Regexes · Here’s the java version.
(<[^/]([^>]*[^/>])?>)|(</[^>]*>)|(<[^>]*/>)|((\p{Lu}|\p{Ll}|\p{Lt}|\p{Nd}|\p{Nl}|\p{No}|[\u4e00-\u9fa5]|\u3007|[\u3021-\u3029])((\p{Lu}|\p{Ll}|\p{Lt}|\p{Nd}|\p{Nl}|\p{No}|[-._:']|[\u4e00-\u9fa5]|\u3007|[\u3021-\u3029])*(\p{Lu}|\p{Ll}|\p{Lt}|\p{Nd}|\p{Nl}|\p{No}|[\u4e00-\u9fa5]|\u3007|[\u3021-\u3029]))?)

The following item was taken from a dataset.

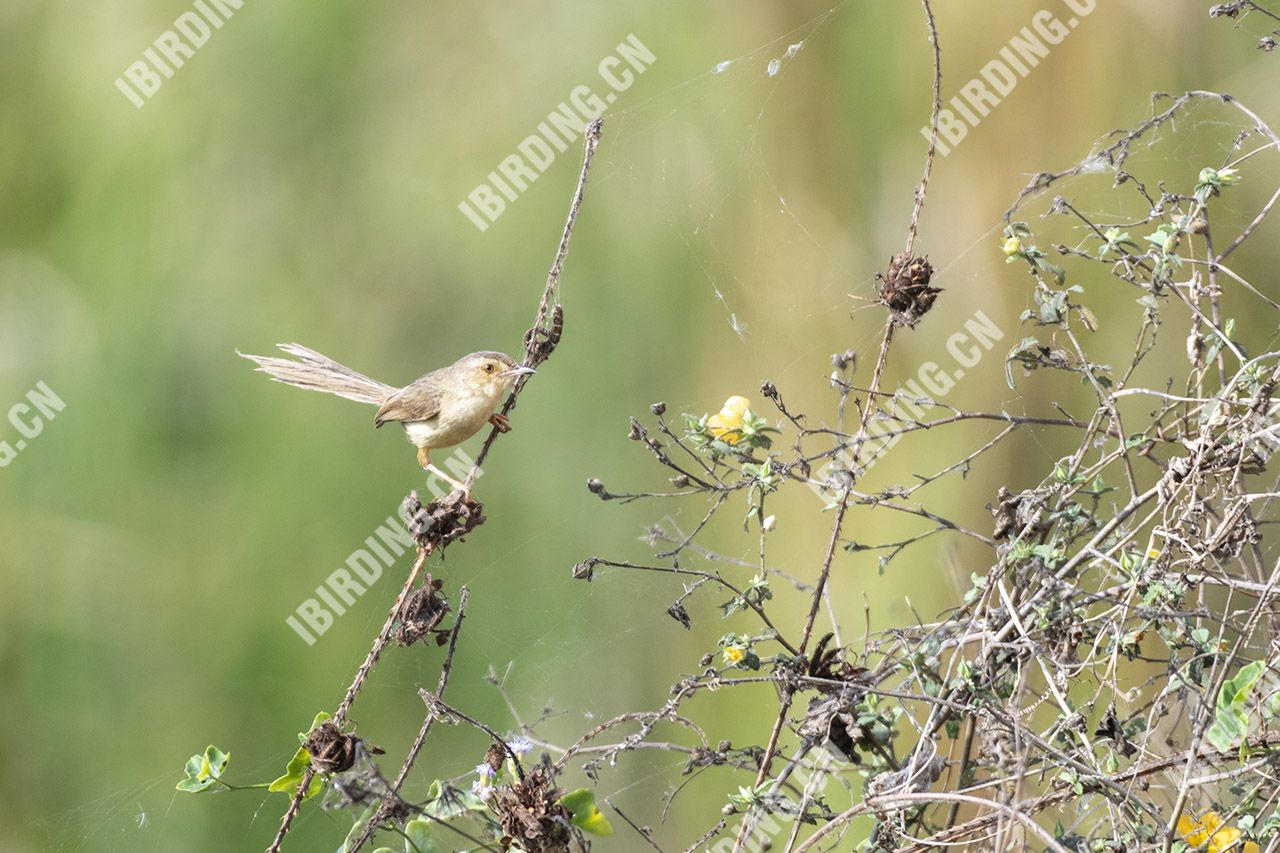 纯色山鹪莺 Plain Prinia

Here’s the perl version, which differs only in using \x
with
parentheses
rather than \u
to reference Unicode codepoints.
(<[^/]([^>]*[^/>])?>)|(</[^>]*>)|(<[^>]*/>)|((\p{Lu}|\p{Ll}|\p{Lt}|\p{Nd}|\p{Nl}|\p{No}|[\x{4e00}-\x{9fa5}]|\x{3007}|[\x{3021}-\x{3029}])((\p{Lu}|\p{Ll}|\p{Lt}|\p{Nd}|\p{Nl}|\p{No}|[-._:']|[\x{4e00}-\x{9fa5}]|\x{3007}|[\x{3021}-\x{3029}])*(\p{Lu}|\p{Ll}|\p{Lt}|\p{Nd}|\p{Nl}|\p{No}|[\x{4e00}-\x{9fa5}]|\x{3007}|[\x{3021}-\x{3029}]))?)
Unfortunately, they don’t produce quite the same results, with occasional variation around international characters. But close enough for the purpose of this experiment.